• [Exercise directions]
Your output should be the lines from the start of the data through the line containing "alfredoBANNIST", exactly and nothing more.
### Source material
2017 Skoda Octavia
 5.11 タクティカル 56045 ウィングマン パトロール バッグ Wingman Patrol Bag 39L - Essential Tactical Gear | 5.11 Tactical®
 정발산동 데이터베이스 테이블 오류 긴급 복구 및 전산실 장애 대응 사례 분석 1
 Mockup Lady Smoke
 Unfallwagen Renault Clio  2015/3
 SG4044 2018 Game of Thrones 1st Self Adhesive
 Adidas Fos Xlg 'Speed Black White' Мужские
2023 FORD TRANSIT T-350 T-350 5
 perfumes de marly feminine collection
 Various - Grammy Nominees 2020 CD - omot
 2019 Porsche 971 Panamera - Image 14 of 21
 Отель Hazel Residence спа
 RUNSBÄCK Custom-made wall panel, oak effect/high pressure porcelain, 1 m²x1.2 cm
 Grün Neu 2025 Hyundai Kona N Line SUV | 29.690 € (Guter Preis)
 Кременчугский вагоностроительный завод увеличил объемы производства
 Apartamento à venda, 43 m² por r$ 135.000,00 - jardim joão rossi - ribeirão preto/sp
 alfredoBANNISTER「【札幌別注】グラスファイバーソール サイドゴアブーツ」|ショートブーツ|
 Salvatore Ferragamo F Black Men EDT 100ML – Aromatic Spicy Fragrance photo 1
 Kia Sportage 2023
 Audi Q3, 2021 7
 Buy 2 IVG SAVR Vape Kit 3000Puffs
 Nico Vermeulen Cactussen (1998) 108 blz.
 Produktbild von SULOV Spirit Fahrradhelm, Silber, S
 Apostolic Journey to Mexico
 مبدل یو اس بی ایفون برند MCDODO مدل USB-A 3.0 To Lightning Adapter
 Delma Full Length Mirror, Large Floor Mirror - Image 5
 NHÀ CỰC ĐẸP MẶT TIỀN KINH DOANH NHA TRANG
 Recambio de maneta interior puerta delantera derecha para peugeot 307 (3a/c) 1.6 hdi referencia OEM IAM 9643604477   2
######
• [Completed exercise]
2017 Skoda Octavia
 5.11 タクティカル 56045 ウィングマン パトロール バッグ Wingman Patrol Bag 39L - Essential Tactical Gear | 5.11 Tactical®
 정발산동 데이터베이스 테이블 오류 긴급 복구 및 전산실 장애 대응 사례 분석 1
 Mockup Lady Smoke
 Unfallwagen Renault Clio  2015/3
 SG4044 2018 Game of Thrones 1st Self Adhesive
 Adidas Fos Xlg 'Speed Black White' Мужские
2023 FORD TRANSIT T-350 T-350 5
 perfumes de marly feminine collection
 Various - Grammy Nominees 2020 CD - omot
 2019 Porsche 971 Panamera - Image 14 of 21
 Отель Hazel Residence спа
 RUNSBÄCK Custom-made wall panel, oak effect/high pressure porcelain, 1 m²x1.2 cm
 Grün Neu 2025 Hyundai Kona N Line SUV | 29.690 € (Guter Preis)
 Кременчугский вагоностроительный завод увеличил объемы производства
 Apartamento à venda, 43 m² por r$ 135.000,00 - jardim joão rossi - ribeirão preto/sp
 alfredoBANNISTER「【札幌別注】グラスファイバーソール サイドゴアブーツ」|ショートブーツ|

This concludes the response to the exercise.